*** Available data Section Begins ***

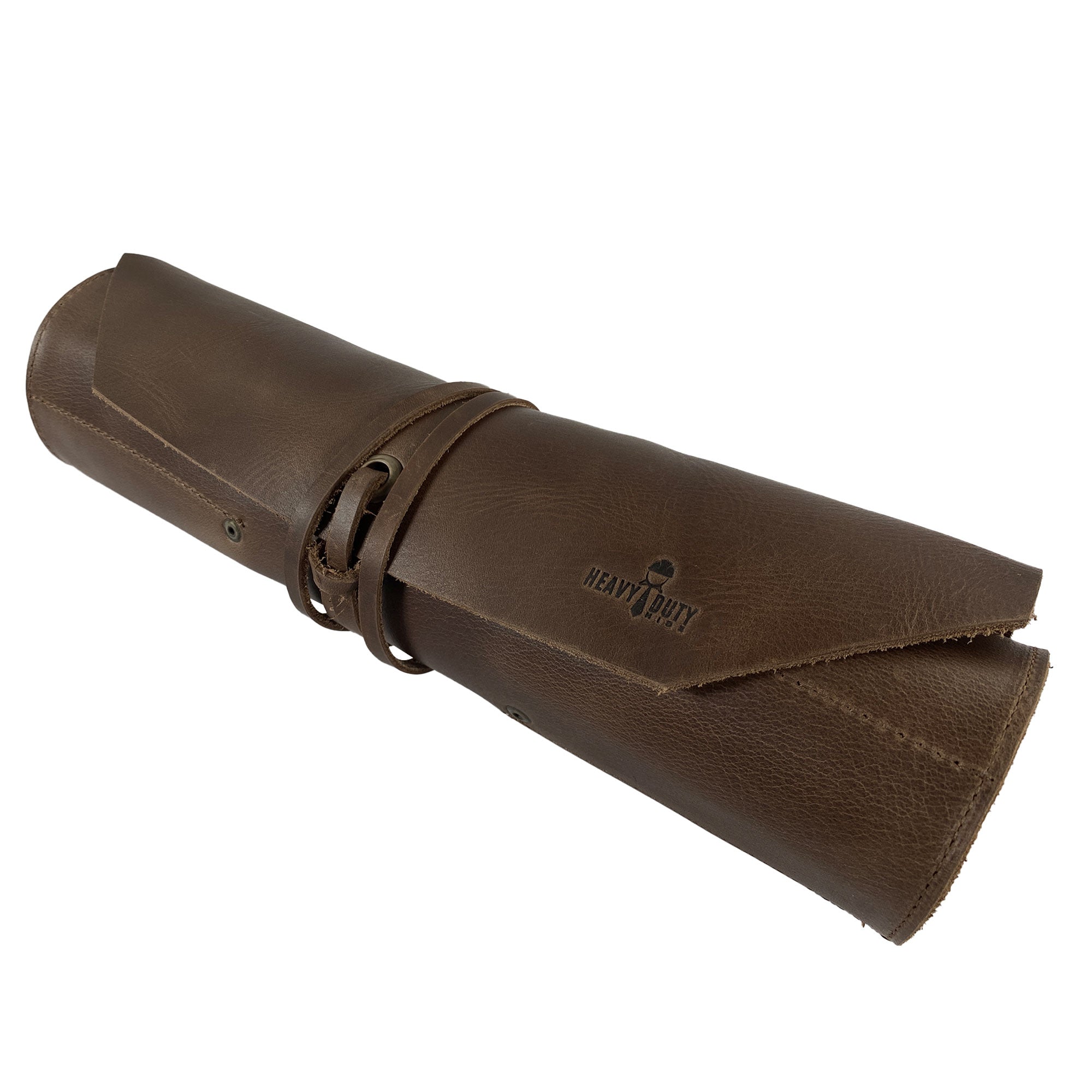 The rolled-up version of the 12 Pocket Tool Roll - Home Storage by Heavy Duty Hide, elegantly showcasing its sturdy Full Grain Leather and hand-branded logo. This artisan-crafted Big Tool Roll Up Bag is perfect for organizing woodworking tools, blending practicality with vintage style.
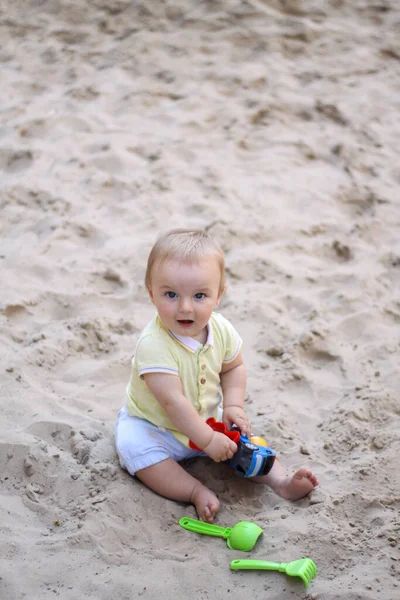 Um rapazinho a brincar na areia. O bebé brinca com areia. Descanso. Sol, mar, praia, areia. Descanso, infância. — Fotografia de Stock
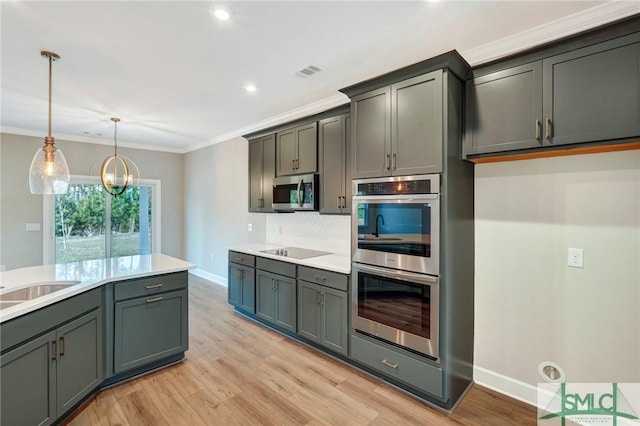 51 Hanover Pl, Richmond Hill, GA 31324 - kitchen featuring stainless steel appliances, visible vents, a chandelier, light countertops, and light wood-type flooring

*** Available data Section Ends ***

§ What is needed: The lines from the one containing "Um rapazinho a" through the final line of the data are to be repeated exactly, with both ends included and all pictures left out.

§ Exercise solution:
 Um rapazinho a brincar na areia. O bebé brinca com areia. Descanso. Sol, mar, praia, areia. Descanso, infância. — Fotografia de Stock
 51 Hanover Pl, Richmond Hill, GA 31324 - kitchen featuring stainless steel appliances, visible vents, a chandelier, light countertops, and light wood-type flooring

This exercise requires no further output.